_TASK INPUTS_
==============================

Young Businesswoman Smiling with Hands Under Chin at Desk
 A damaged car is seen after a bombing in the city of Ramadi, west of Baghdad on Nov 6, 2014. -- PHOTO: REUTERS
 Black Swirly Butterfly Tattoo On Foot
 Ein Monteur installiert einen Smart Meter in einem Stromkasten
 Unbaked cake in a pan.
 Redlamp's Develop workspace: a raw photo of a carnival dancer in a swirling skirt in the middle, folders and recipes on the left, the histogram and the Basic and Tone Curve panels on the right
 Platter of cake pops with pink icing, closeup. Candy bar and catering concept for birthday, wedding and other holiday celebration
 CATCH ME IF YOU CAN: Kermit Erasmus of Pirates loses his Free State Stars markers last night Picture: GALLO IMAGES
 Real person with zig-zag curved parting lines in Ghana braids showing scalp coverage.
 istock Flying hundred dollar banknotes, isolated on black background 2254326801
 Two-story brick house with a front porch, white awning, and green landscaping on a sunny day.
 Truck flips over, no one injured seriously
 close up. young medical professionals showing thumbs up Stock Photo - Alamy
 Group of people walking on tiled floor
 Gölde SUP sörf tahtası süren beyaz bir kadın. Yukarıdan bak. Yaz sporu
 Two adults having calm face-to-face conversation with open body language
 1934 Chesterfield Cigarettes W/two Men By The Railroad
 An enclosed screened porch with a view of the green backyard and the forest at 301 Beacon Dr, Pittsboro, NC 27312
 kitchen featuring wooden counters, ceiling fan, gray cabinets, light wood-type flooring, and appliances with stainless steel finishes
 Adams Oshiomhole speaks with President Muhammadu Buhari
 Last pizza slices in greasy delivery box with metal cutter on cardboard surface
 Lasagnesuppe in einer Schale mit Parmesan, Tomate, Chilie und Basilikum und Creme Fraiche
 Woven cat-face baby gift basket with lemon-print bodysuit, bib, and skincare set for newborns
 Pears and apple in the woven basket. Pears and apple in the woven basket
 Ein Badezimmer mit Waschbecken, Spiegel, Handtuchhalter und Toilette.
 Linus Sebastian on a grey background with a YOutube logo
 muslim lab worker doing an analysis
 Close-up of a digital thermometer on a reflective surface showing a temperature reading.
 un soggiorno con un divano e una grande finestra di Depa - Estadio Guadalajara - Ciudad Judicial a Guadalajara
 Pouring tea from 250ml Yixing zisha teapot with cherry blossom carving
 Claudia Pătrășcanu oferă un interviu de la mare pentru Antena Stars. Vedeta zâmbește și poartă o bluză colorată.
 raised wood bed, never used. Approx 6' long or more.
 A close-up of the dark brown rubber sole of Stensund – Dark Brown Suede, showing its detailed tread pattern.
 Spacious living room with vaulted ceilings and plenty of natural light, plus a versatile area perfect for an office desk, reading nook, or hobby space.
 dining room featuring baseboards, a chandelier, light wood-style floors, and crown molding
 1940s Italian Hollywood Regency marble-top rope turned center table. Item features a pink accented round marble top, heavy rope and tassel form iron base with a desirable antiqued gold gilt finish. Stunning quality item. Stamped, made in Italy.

==============================

Each line of the records with the word "Stars" in it is to be copied.

_RESPONSE BOX_
 CATCH ME IF YOU CAN: Kermit Erasmus of Pirates loses his Free State Stars markers last night Picture: GALLO IMAGES
 Claudia Pătrășcanu oferă un interviu de la mare pentru Antena Stars. Vedeta zâmbește și poartă o bluză colorată.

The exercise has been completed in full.